Tal intromisión en los asuntos internos de otra nación, por parte de personas afines y cercanas a Álvaro Uribe Vélez, también se evidenció en la utilización de la mentira en sindicaciones sin fundamentos acerca de un fraude electoral del que no pudieron aportarse pruebas  y cuyos propósitos eran no solo desconocer la legitimidad del triunfo rival sino también exacerbar los ánimos entre los partidarios republicanos.

 

La idea era sin duda, frente al fracaso estruendoso de la vía jurídica para revertir el resultado adverso, variar la estrategia y pasar de las acciones en derecho a las acciones de hecho como la toma del capitolio con propósitos de evitar por la fuerza la certificación del triunfo de Biden y consumar un autogolpe de estado que garantizara, de facto, la continuidad de Trump en el poder, burlando la voluntad popular expresada en las urnas, la decisión del colegio electoral y truncando el papel del congreso.

 

Trump tras la liberación de Álvaro Uribe Vélez, lo llamó en un trino héroe (hero) y aliado (ally). Ambas visiones del mundo se necesitan y se complementan.
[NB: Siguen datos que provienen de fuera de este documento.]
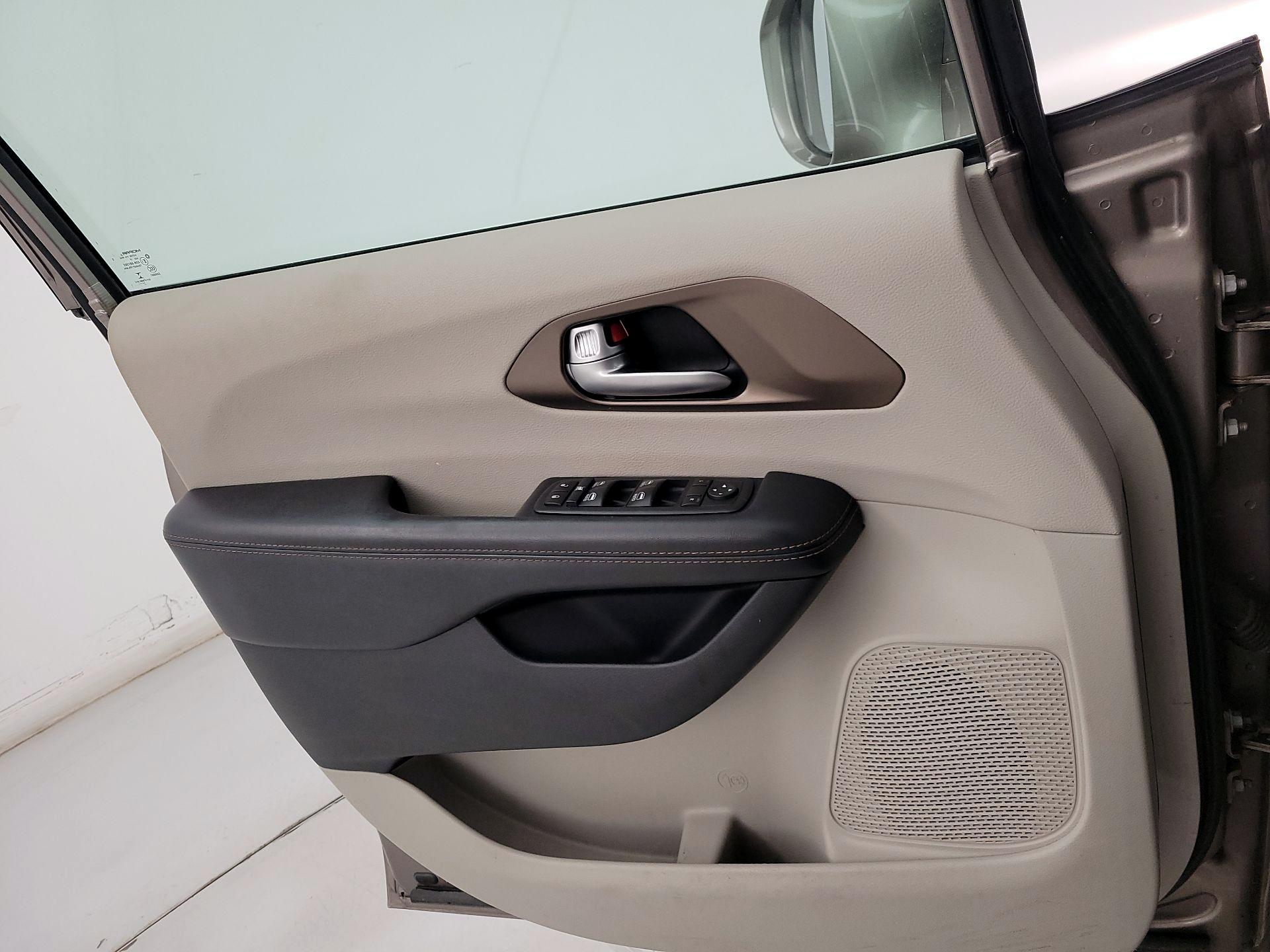 Thumbnail: 2017 Chrysler Pacifica - 12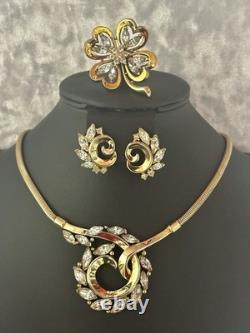 TRIFARI Lucky Clover Book Alfred Philippe Gold-Trifanium Rhinestones PAT PEND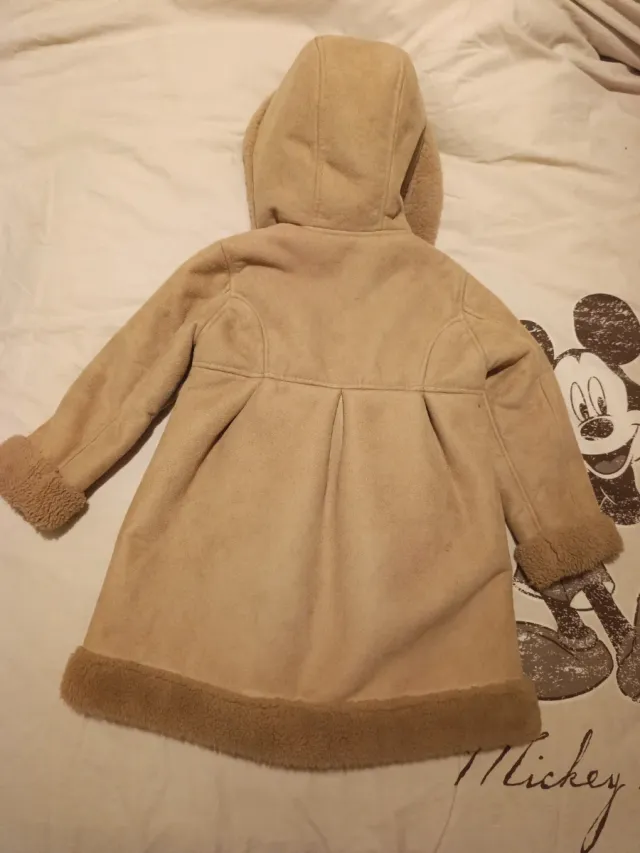 Abrigo beige con capucha y pelo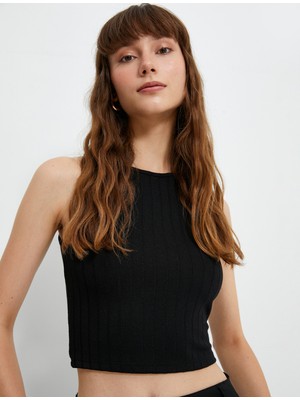 Koton Crop Atlet Bisiklet Yaka Kolsuz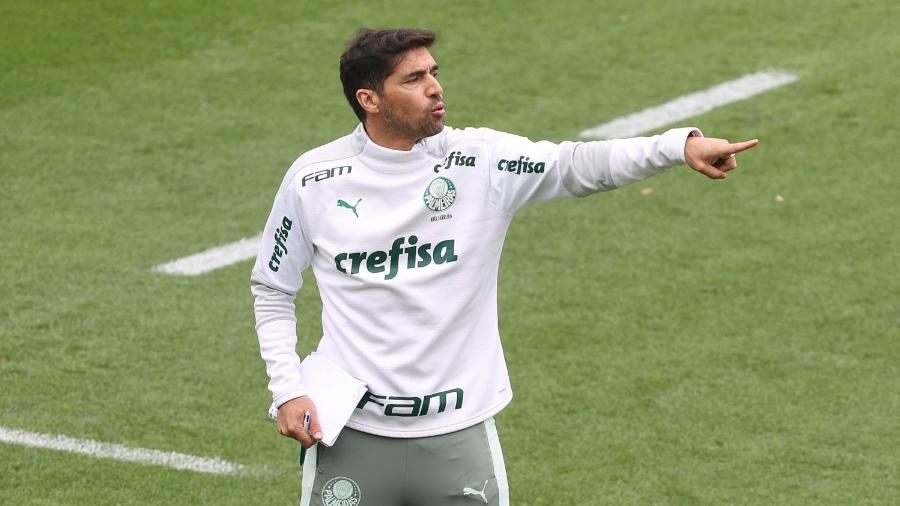 O técnico Abel Ferreira, do Palmeiras, durante treinamento - Cesar Greco/Palmeiras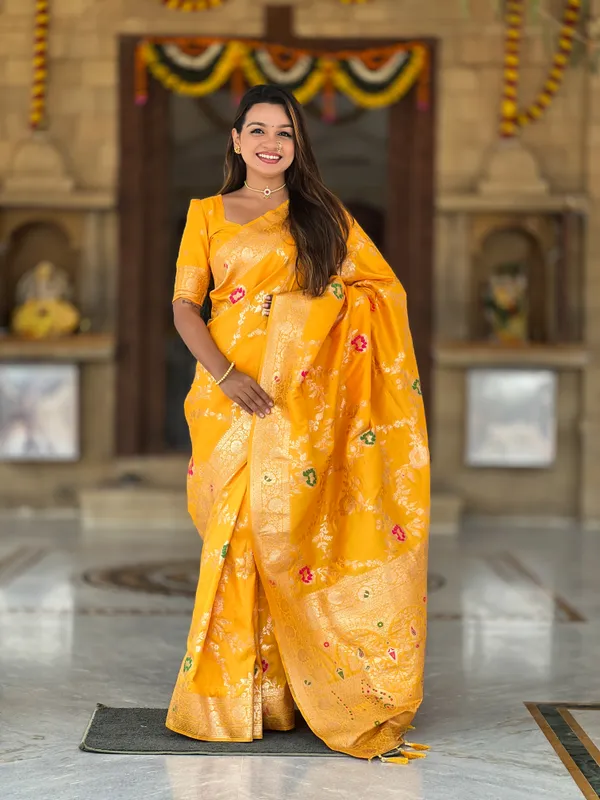 Yellow_Soft_Banarasi_Silk_Saree_With_Zari_Weaving_Meenakari_Touchup_Design_All_Over_The_Saree_And_Meenakari_Weaving_Rich_Pallu_For_Women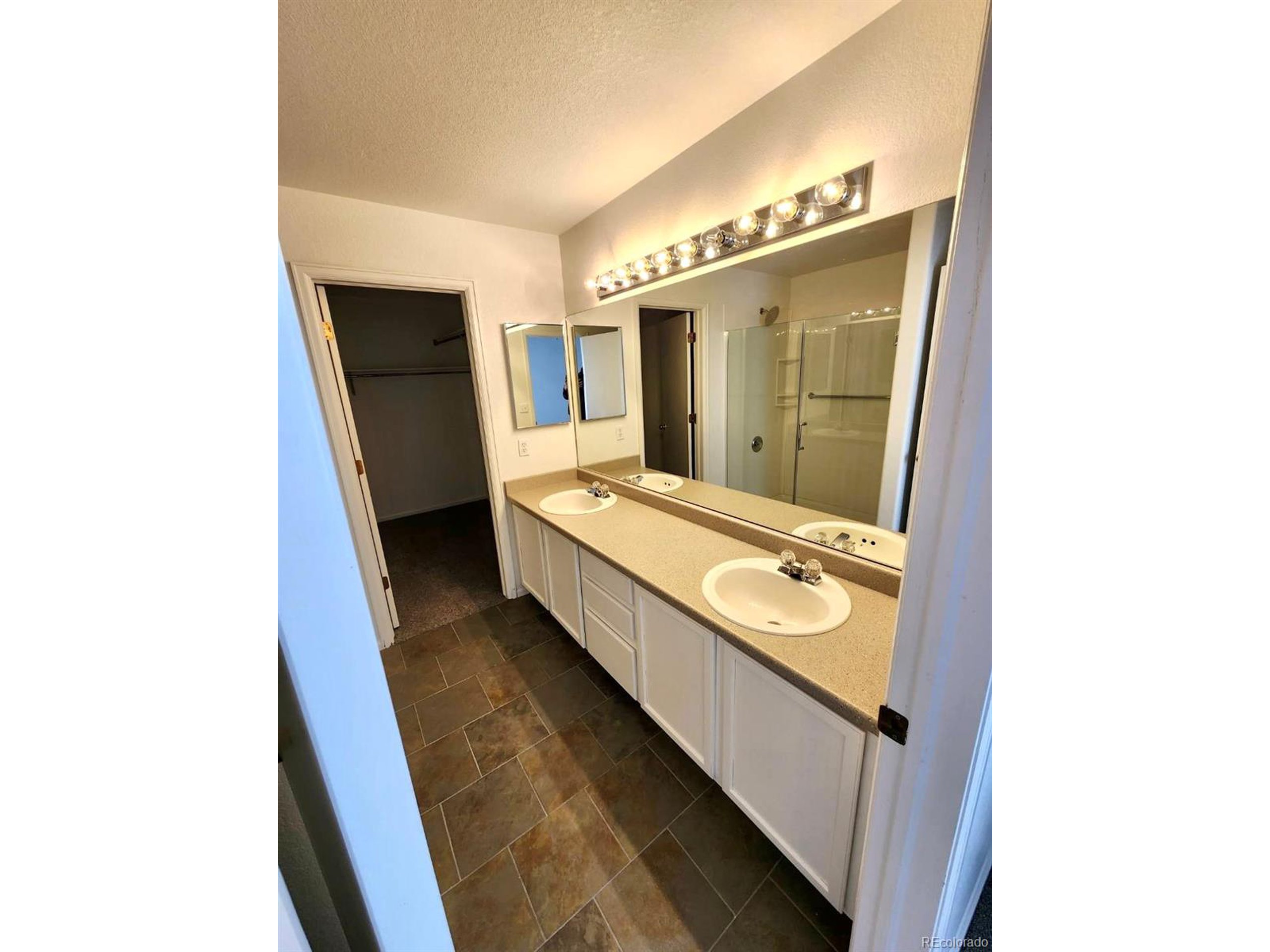 1329 Red Mountain Dr
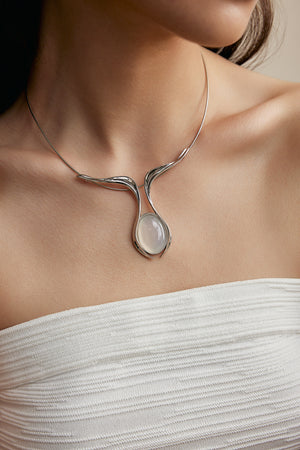 
            
                Load image into Gallery viewer, Embracing Moon Necklace
            
        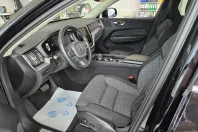 Volvo XC60 din 2023 cu 26.689 km - oferta VOL156657 - foto 4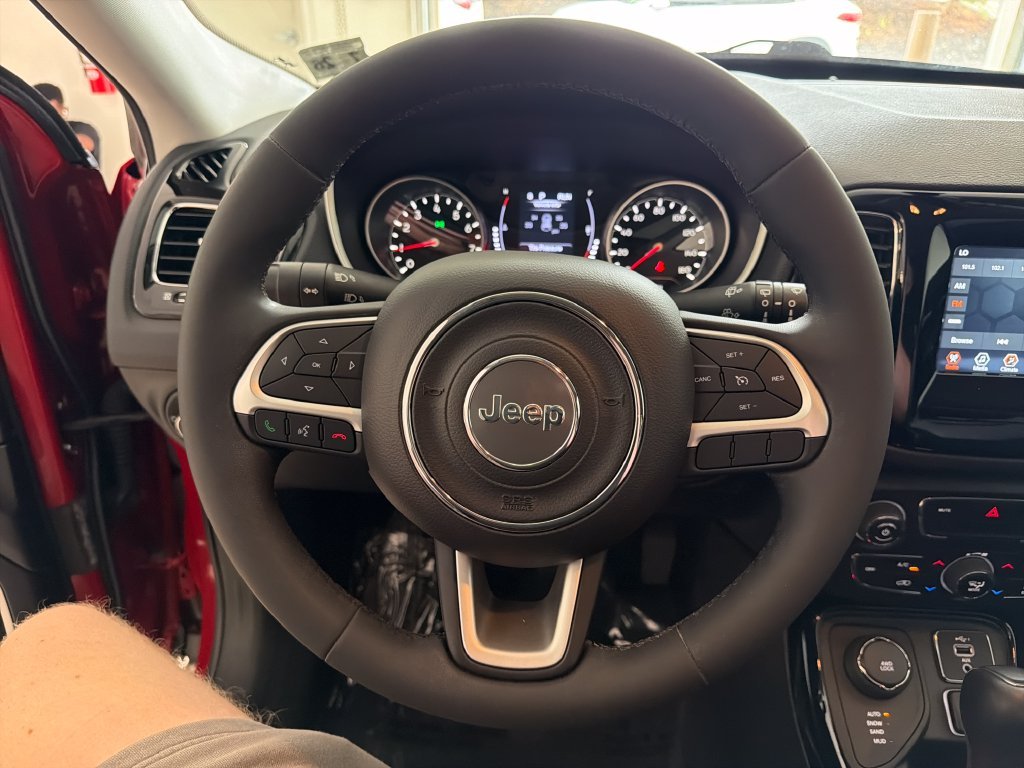 Used 2021 Red Line Jeep Latitude image 23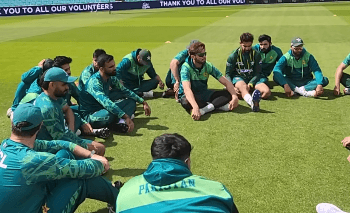 বিশ্বকাপ জিততে পারলে রাজকীয় অতিথি হয়ে হজে যাবেন পাকিস্তানের ক্রিকেটাররা!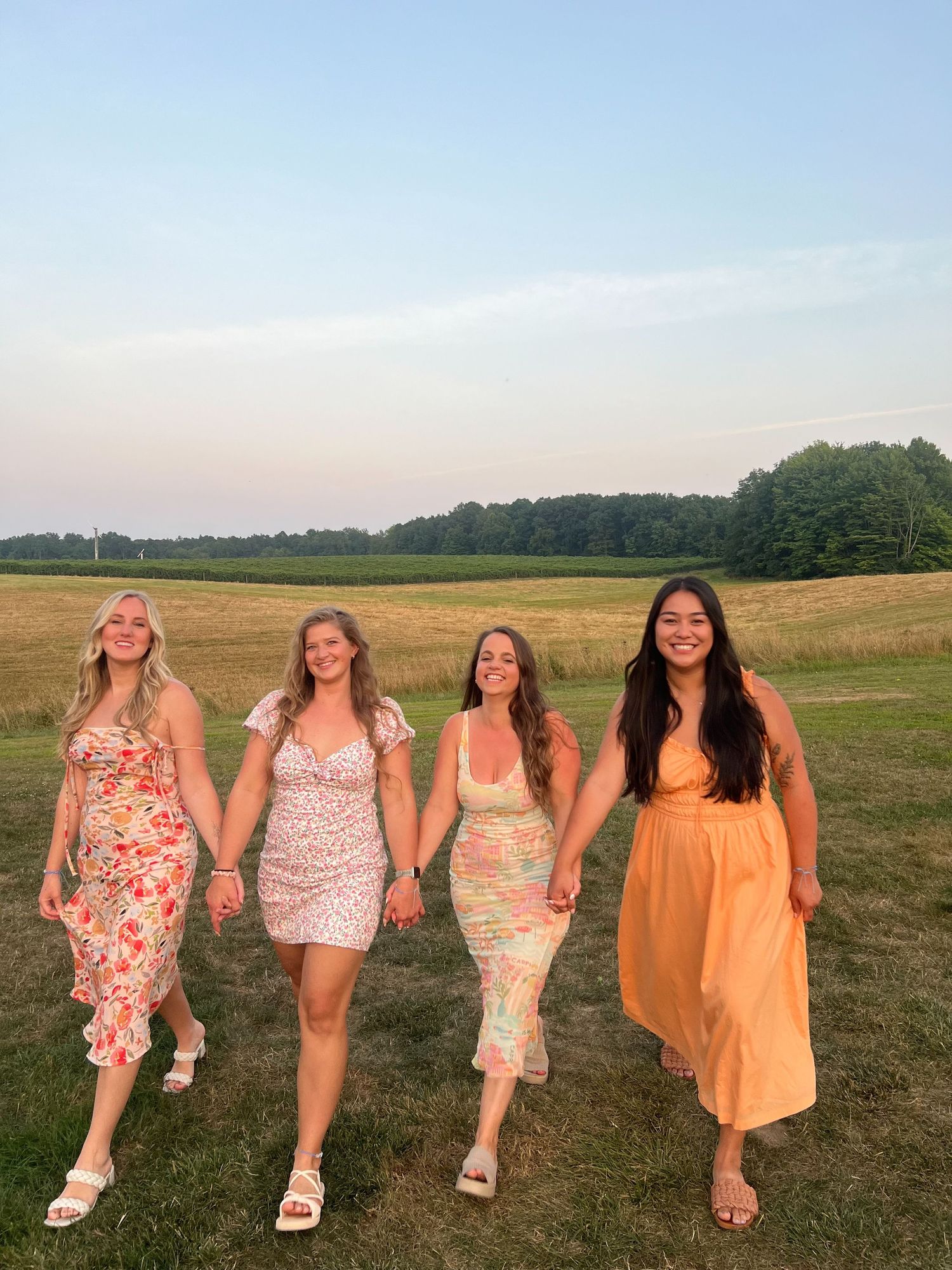Q Kokko is a wedding photographer for intimate, fun + carefree couples in the Columbus, Ohio area + beyond.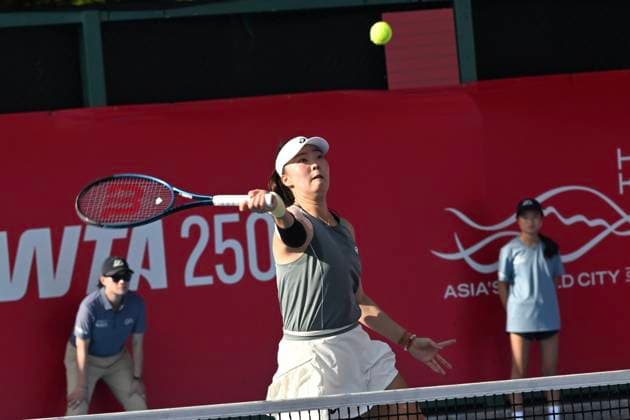 Shuo Feng In WTA250 Chinese tennis player Shuo Feng during a match at the Hong Kong Tennis Open on October 30, 2025 in Hong Kong. (Photo by Kobe Li Nexpher Images) Hong Kong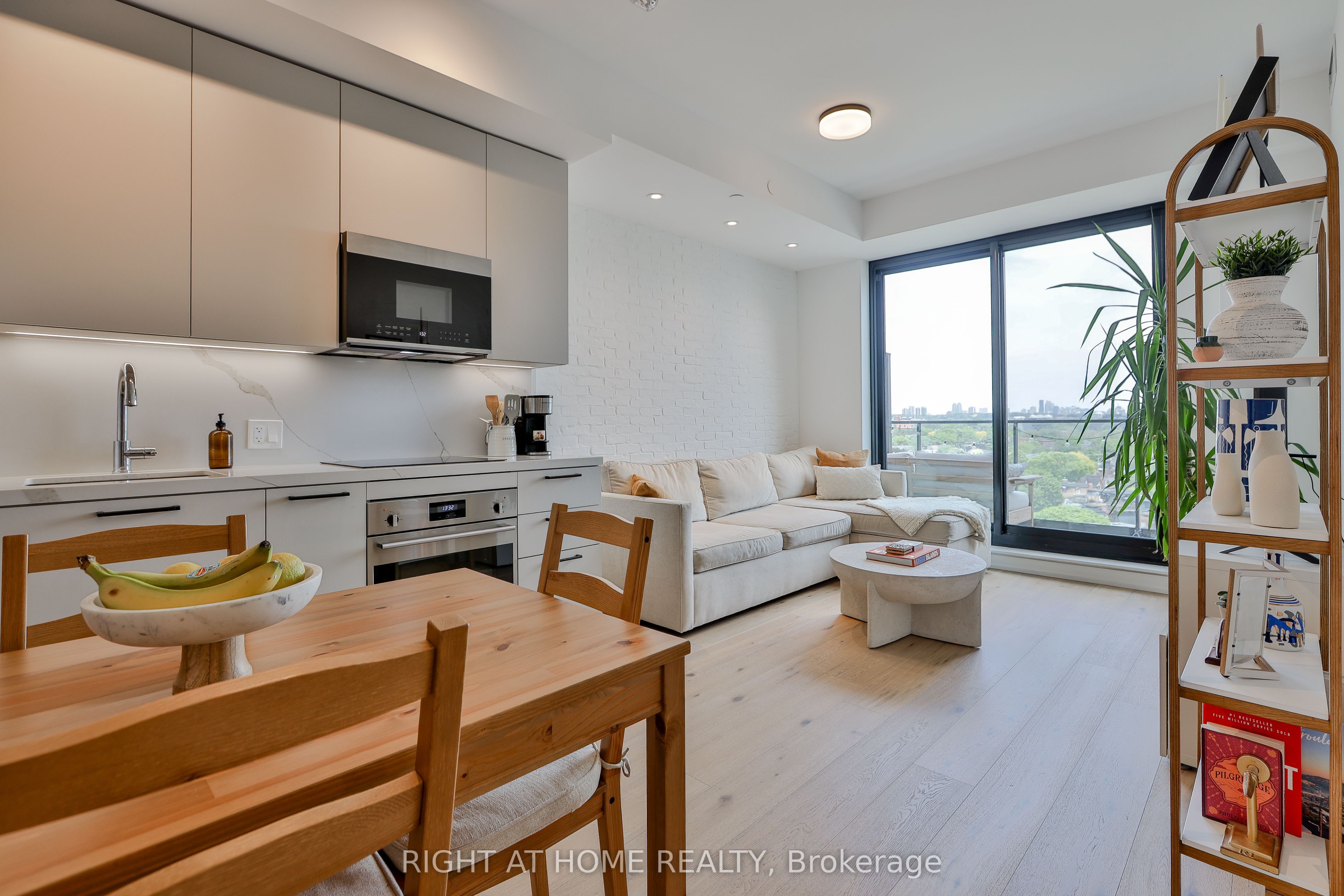 200 Sudbury Street 1007, Toronto, ON M6J 0H1 photo 4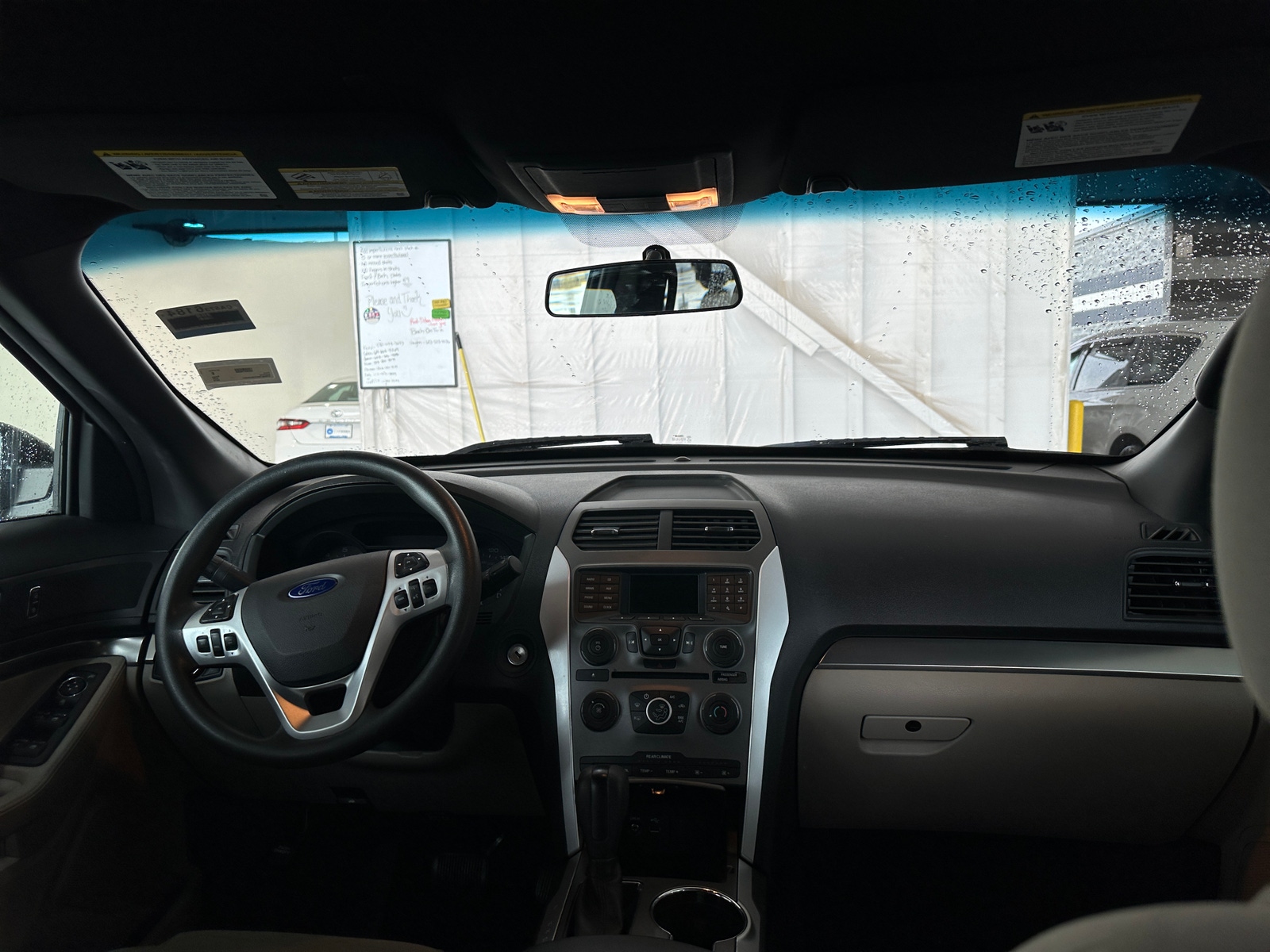 Thumbnail: 2015 Ford Explorer - 3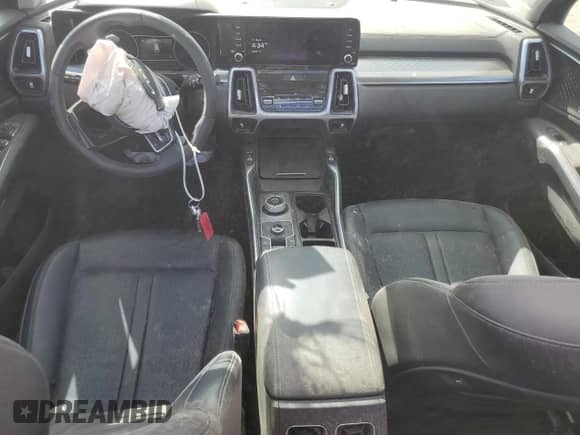 2024 Kia Sorento EX with VIN KNDRHDLG1R5258625, listed as a Copart auction lot 56949095 with 11,112 mi miles and Salvage title. Bid and sale history available at DreamBid. Image 8.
Tanto el uribismo como el trumpismo son proyectos políticos que se caracterizan por el culto a la personalidad de un líder irracional, egocéntrico y mesiánico, obsesivo con el poder, autoritario, fanático, violento, guerrerista, mal perdedor, irresponsable, machista, clasista, racista y con una capacidad enfermiza para mentir, manipular y crearse y venderle a ciudadanos incautos teorías conspirativas sobre peligros y amenazas inexistentes, frente a las cuáles se proclaman,  utilizando elementos de religiosidad, como elegidos y “salvadores”.

 

Sin entrar a dudarlo, muchas de las acciones de Trump y de sus seguidores, muy seguramente no serán cubiertas por el mismo manto de impunidad que le garantiza al uribismo controlar, con personajes afines y controlables, la comisión de acusaciones de la cámara de representantes, la fiscalía, la procuraduría, la contraloría, la defensoría del pueblo y buena parte de una débil rama judicial a la que se amenaza y presiona desde los medios, el poder policial y militar y una militancia altamente intolerante y violenta.

 

La vergüenza a las que se sometió ante el mundo a las instituciones norteamericanas obliga a que las acciones de Trump, de la extrema derecha supremacista y de los sectores más retardatarios de la sociedad estadounidense no queden en la impunidad, como tampoco lo quedarán las de sus aliados en Colombia  según lo anunciado por la asesora demócrata Michelle Manat a CNN en Español.

 

Álvaro Uribe Vélez tiene cuentas pendientes en Estados Unidos por saldar, hasta ahora desestimadas y colocadas en el congelador por haber sido un útil elemento en la región para la defensa de los intereses estratégicos norteamericanos, como en su momento también lo fueron Manuel Antonio Noriega y el propio Osama Bin Laden. Sin embargo, en su soberbia,  desesperación e ínfulas de poder, Uribe traspasó límites que tendrán consecuencias ahora bajo una presidencia, un senado y una cámara bajo control demócrata y en un país dónde el fiscal y los jueces no se dejan intimidar.